Based on Luísa Pessoa's observations, [13] Andresen focuses on themes such as: childhood and youth, which she uses as a reference space ("The Garden and the House", Poetry, 1944; "House", Geography, 1967; "White House", Poetry, 1944; "Lost Garden", Poetry, Garden and the Night, Poetry, 1944).

Later work

Contact with nature also profoundly marked her work. For the author, this contact became an example of freedom, beauty, perfection and mystery and is widely found in her work, whether by the allusions to the land (trees, birds, moonlight) or by her references to the sea (beach, shells, waves).

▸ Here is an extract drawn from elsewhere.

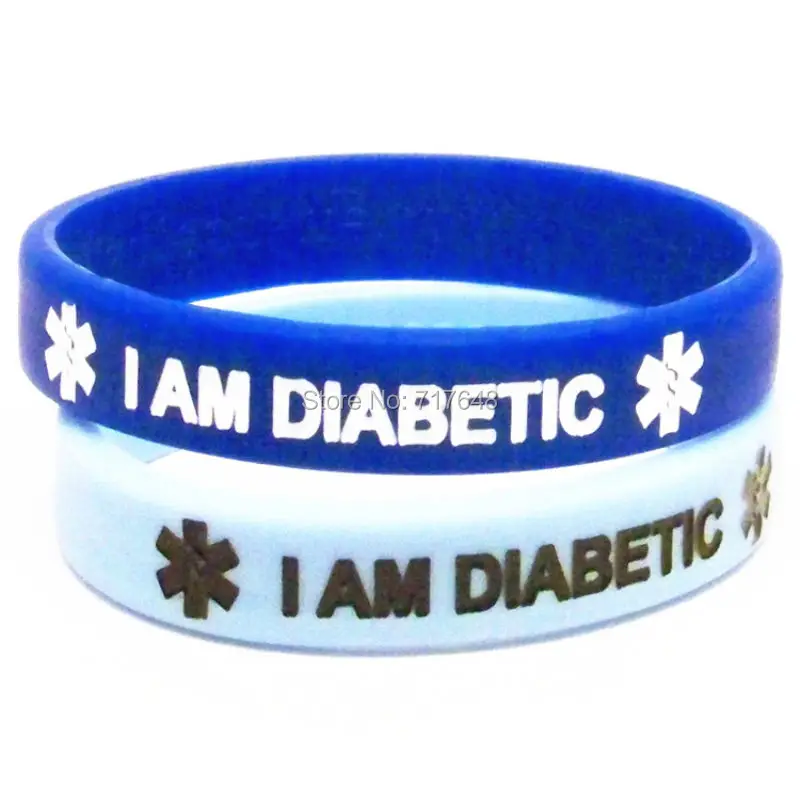 300pcs I Am Diabetic Wristband Silicone Bracelets Rubber Cuff Wrist 300pcs I Am Diabetic Wristband Silicone Bracelets Rubber Cuff Wrist Bands Bangle Free Shipping By Fedex In From Jewelry Accessories On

The Sea is one of the key concepts in Andresen's literary creations: "From the Shore / Where It All Started Intact on the First Day of Me." [14] The literary effect of the sea's inspiration can be seen in several poems, such as "Men by the Sea" or "Women by the Sea." The author comments on this inspiration as follows:

"These poems have to do with the Granja mornings, the beach mornings. And also with a painting by Picasso. There is a painting by Picasso called "Women by the Sea." No one will say that Picasso's painting and Lorca's poetry have had a tremendous influence on my poetry, especially in the time of the Choral ... And one of Picasso's influences on me was that I moved the images."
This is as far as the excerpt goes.